*Work instructions*. Every line of the data below is to be given again as it appears, with the images removed.

--- Material to process ---

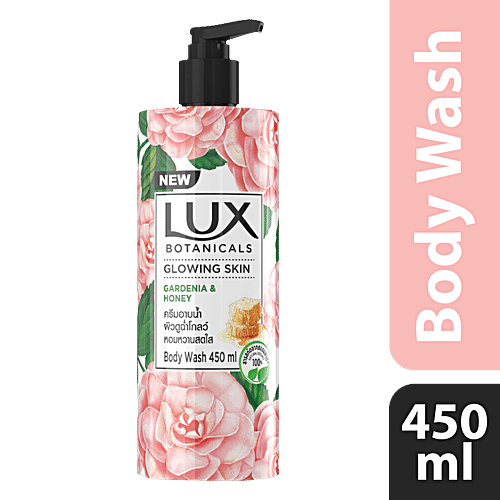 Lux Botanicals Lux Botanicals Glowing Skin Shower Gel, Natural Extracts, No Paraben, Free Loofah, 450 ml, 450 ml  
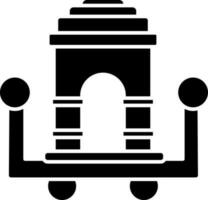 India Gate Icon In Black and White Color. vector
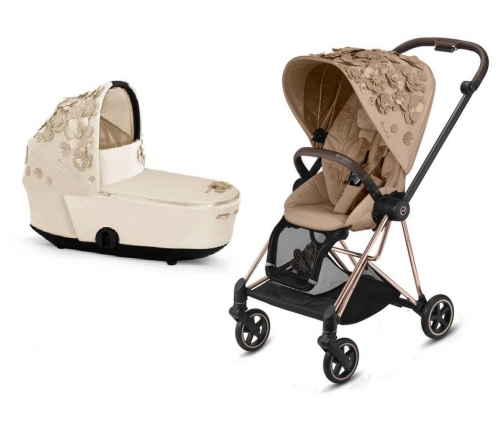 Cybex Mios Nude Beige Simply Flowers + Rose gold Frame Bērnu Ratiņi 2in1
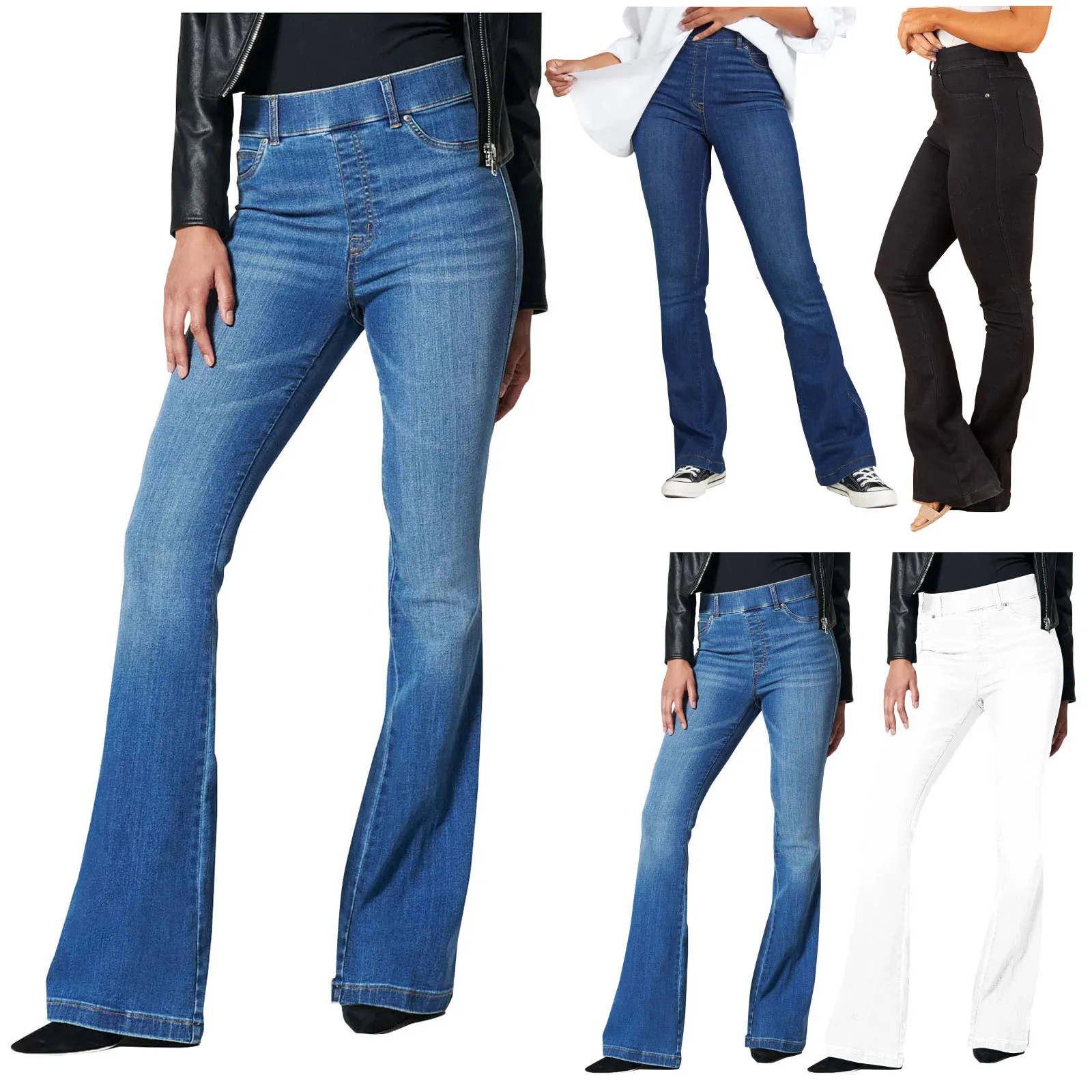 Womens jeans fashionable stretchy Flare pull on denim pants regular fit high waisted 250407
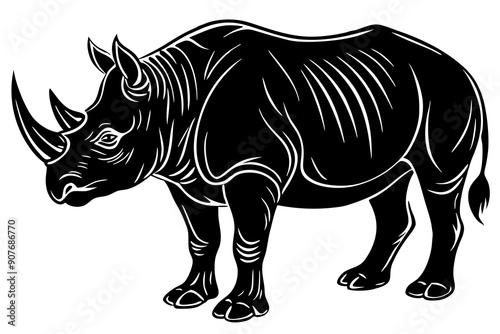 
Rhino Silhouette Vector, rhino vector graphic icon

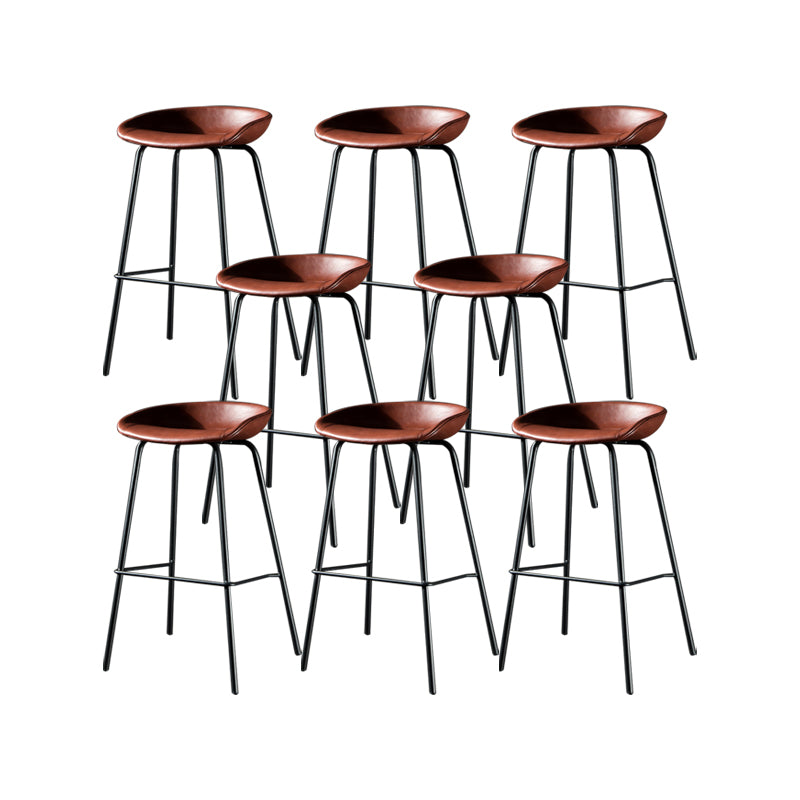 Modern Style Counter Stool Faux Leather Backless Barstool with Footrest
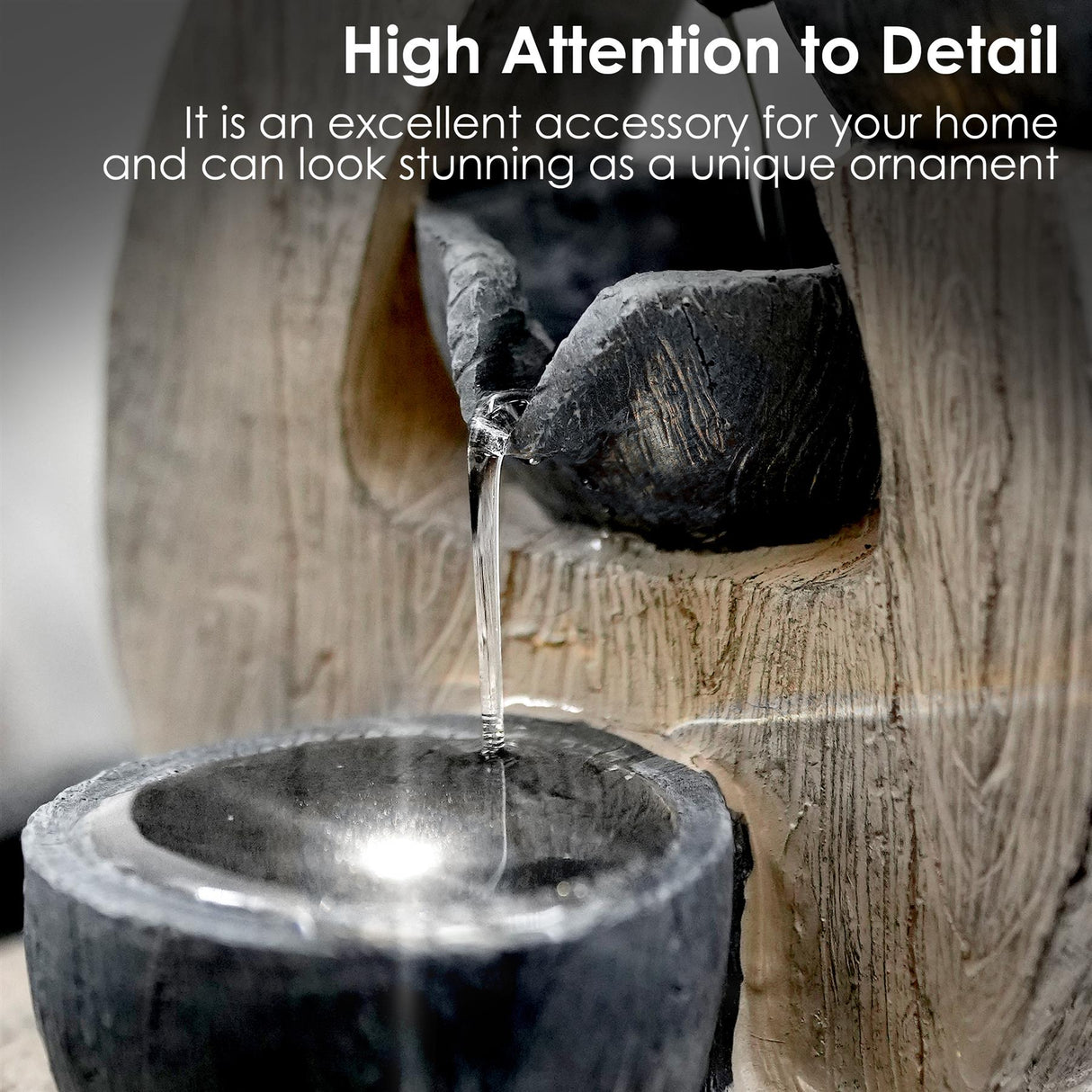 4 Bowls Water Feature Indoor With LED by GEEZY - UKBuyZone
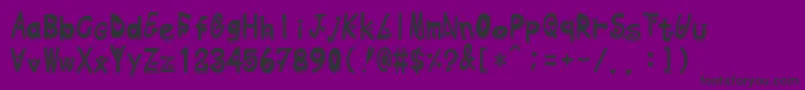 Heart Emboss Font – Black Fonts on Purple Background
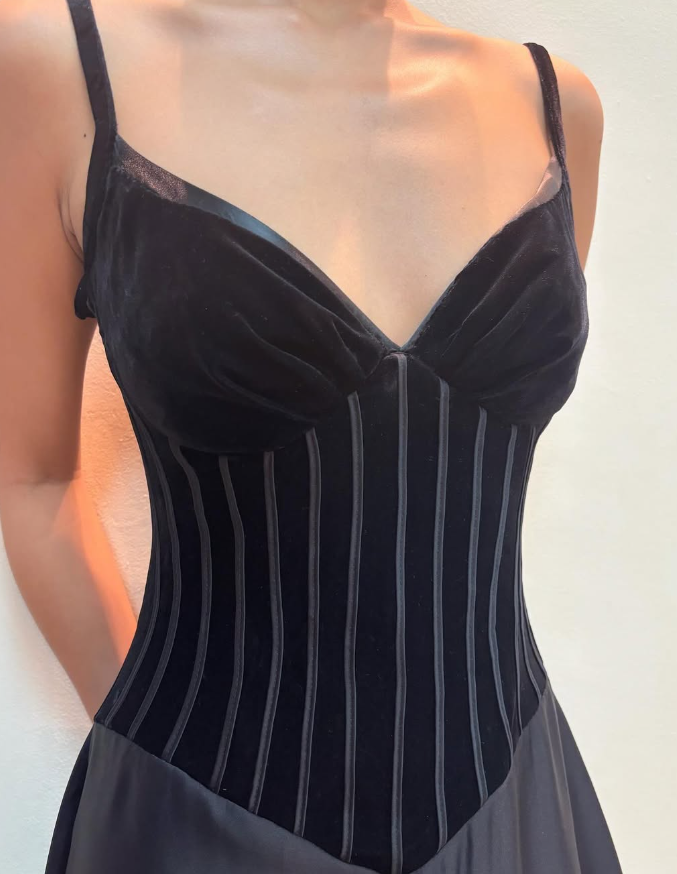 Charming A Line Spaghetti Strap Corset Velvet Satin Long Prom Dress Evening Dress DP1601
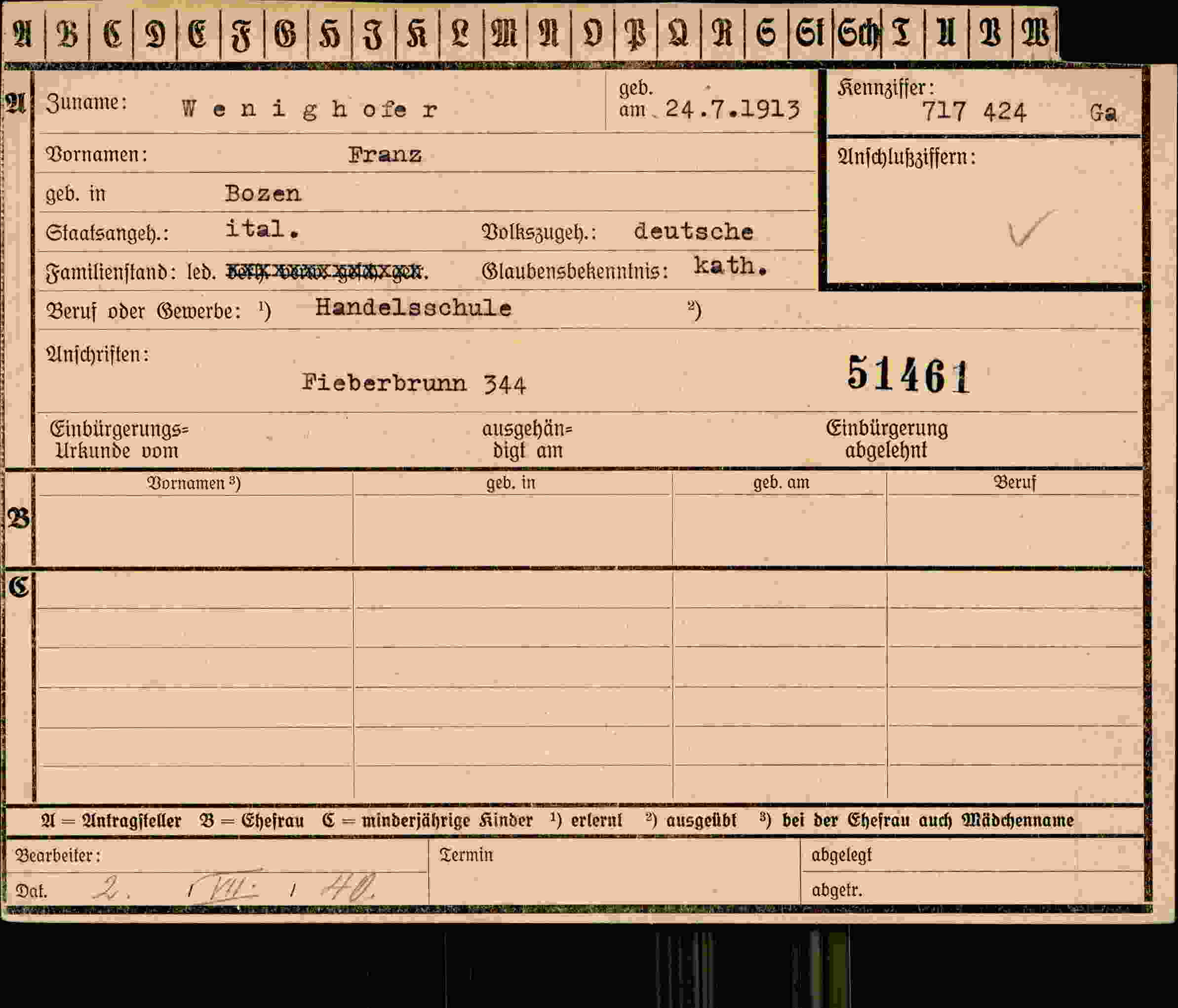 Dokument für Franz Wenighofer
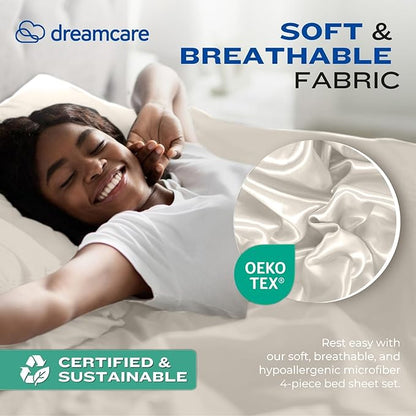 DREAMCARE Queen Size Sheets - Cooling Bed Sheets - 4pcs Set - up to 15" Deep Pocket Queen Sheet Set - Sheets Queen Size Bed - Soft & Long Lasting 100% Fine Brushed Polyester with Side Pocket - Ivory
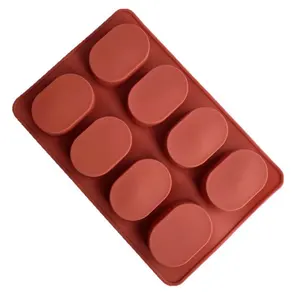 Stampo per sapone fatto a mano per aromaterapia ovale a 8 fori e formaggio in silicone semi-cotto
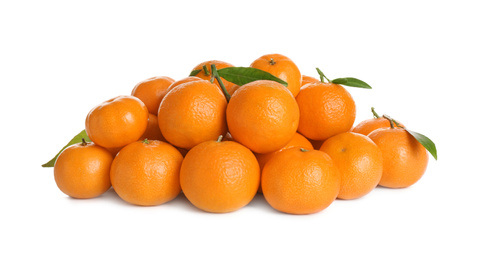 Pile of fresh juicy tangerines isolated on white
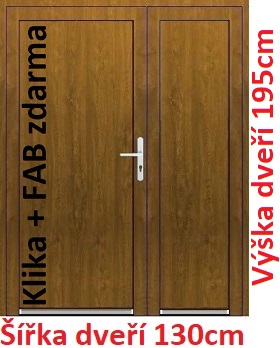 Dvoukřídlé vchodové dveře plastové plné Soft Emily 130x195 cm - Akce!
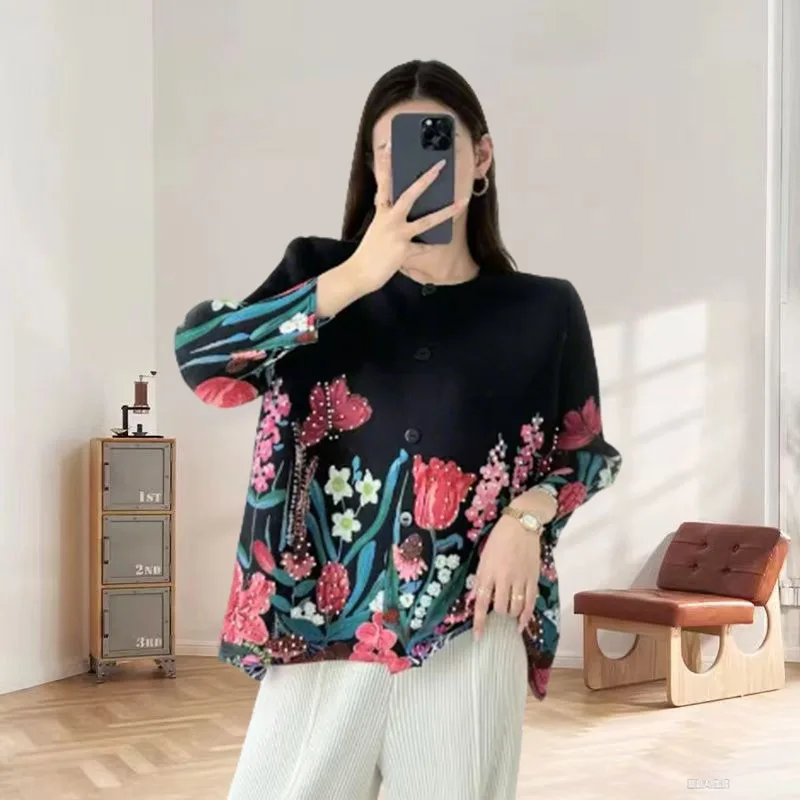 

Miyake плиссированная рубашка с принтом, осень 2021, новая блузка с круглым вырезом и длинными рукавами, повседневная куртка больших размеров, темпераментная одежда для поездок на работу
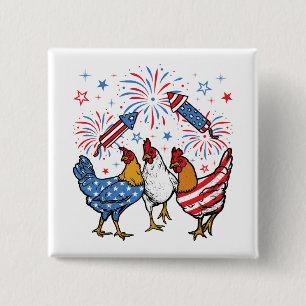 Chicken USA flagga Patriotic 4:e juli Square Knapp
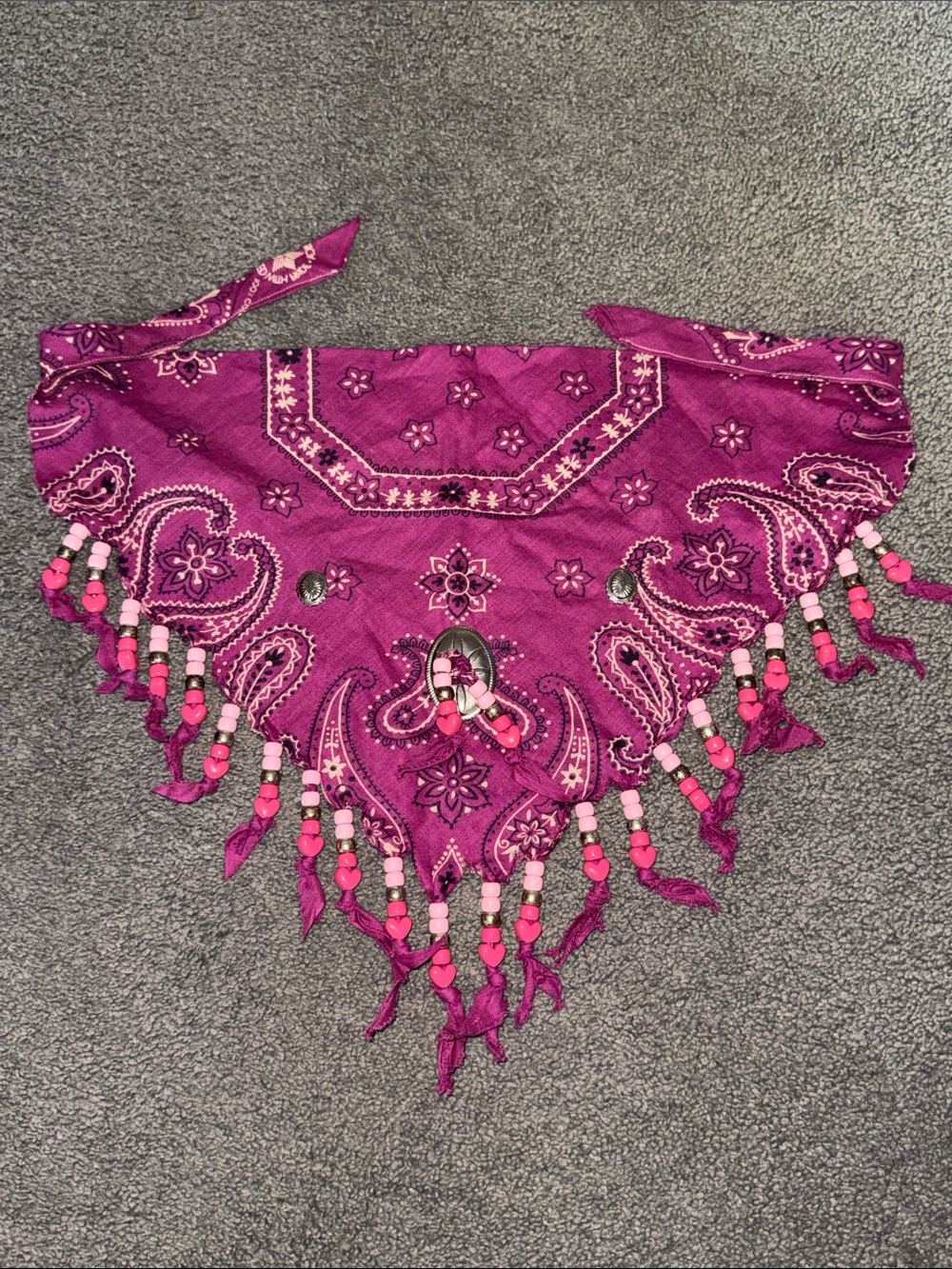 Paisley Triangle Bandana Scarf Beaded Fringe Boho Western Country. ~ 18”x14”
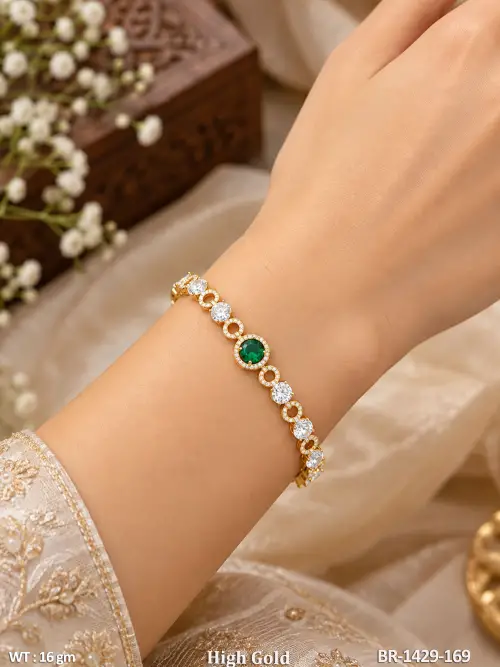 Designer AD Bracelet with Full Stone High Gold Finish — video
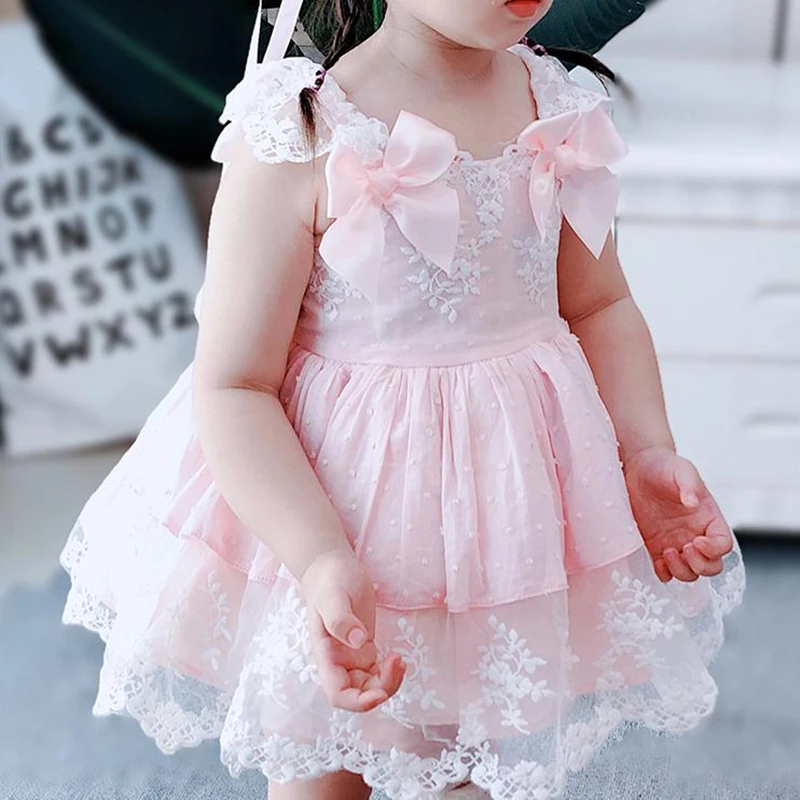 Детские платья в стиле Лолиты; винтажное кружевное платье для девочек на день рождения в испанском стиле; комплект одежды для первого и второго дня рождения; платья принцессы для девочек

---

*Answer to the exercise*.
 Lux Botanicals Lux Botanicals Glowing Skin Shower Gel, Natural Extracts, No Paraben, Free Loofah, 450 ml, 450 ml  
 India Gate Icon In Black and White Color. vector
 Cybex Mios Nude Beige Simply Flowers + Rose gold Frame Bērnu Ratiņi 2in1
 Womens jeans fashionable stretchy Flare pull on denim pants regular fit high waisted 250407
Rhino Silhouette Vector, rhino vector graphic icon

 Modern Style Counter Stool Faux Leather Backless Barstool with Footrest
 4 Bowls Water Feature Indoor With LED by GEEZY - UKBuyZone
 Heart Emboss Font – Black Fonts on Purple Background
 Charming A Line Spaghetti Strap Corset Velvet Satin Long Prom Dress Evening Dress DP1601
 Dokument für Franz Wenighofer
 DREAMCARE Queen Size Sheets - Cooling Bed Sheets - 4pcs Set - up to 15" Deep Pocket Queen Sheet Set - Sheets Queen Size Bed - Soft & Long Lasting 100% Fine Brushed Polyester with Side Pocket - Ivory
 Stampo per sapone fatto a mano per aromaterapia ovale a 8 fori e formaggio in silicone semi-cotto
 Pile of fresh juicy tangerines isolated on white
 Dvoukřídlé vchodové dveře plastové plné Soft Emily 130x195 cm - Akce!

Miyake плиссированная рубашка с принтом, осень 2021, новая блузка с круглым вырезом и длинными рукавами, повседневная куртка больших размеров, темпераментная одежда для поездок на работу
 Chicken USA flagga Patriotic 4:e juli Square Knapp
 Paisley Triangle Bandana Scarf Beaded Fringe Boho Western Country. ~ 18”x14”
 Designer AD Bracelet with Full Stone High Gold Finish — video
 Детские платья в стиле Лолиты; винтажное кружевное платье для девочек на день рождения в испанском стиле; комплект одежды для первого и второго дня рождения; платья принцессы для девочек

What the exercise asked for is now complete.